Algorithm Zoo · Primitives
Quantum Singular Value Transformation (QSVT)
First described: Gilyén, Su, Low, Wiebe, 2018
The problem
Apply a polynomial f to the singular values of a block-encoded matrix A.
Given a block encoding of A, QSVT applies any bounded polynomial f to the singular values: U_QSVT(A) = block-encodes f(A). Unifies HHL (f(x) ≈ 1/x), amplitude estimation (f = sign/threshold), Hamiltonian simulation (f(x) = e^{-ixt}), Grover, and ground-state preparation.
Best classical
n/a (primitive)
Quantum complexity
O(d) queries to the block encoding for a degree-d polynomial
Our verdict
The conceptual unifier of quantum algorithms. Read Martyn et al. 'Grand Unification' (2021) once; it reorganizes everything you know.

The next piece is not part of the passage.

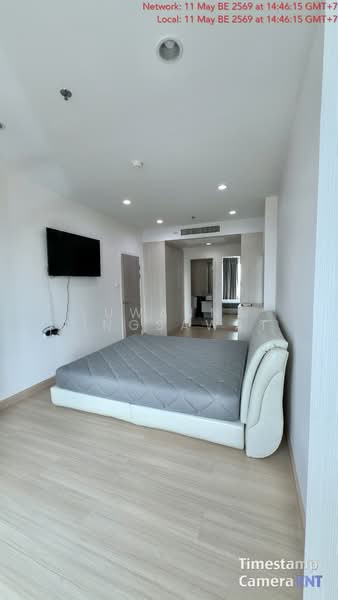 Supalai Lite Ratchada-Naradhiwas, Bangkok, Ratchadaphisek Road, Chong Nonsi, Yan Nawa, Bangkok, 1 Bedroom, 56 sqm, Condo For Sale, by Suwanna Singsawat, 10739648 - DDproperty.com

In practice the constants matter — d can be in the hundreds for high precision — but the framework's clarity wins.
When to use it
- Any time you need f(A) for matrix A and a known polynomial f.
- Designing new algorithms — most asymptotic improvements since 2019 are QSVT applications.
When not to use it
- When you only need a single low-degree power of A (just multiply).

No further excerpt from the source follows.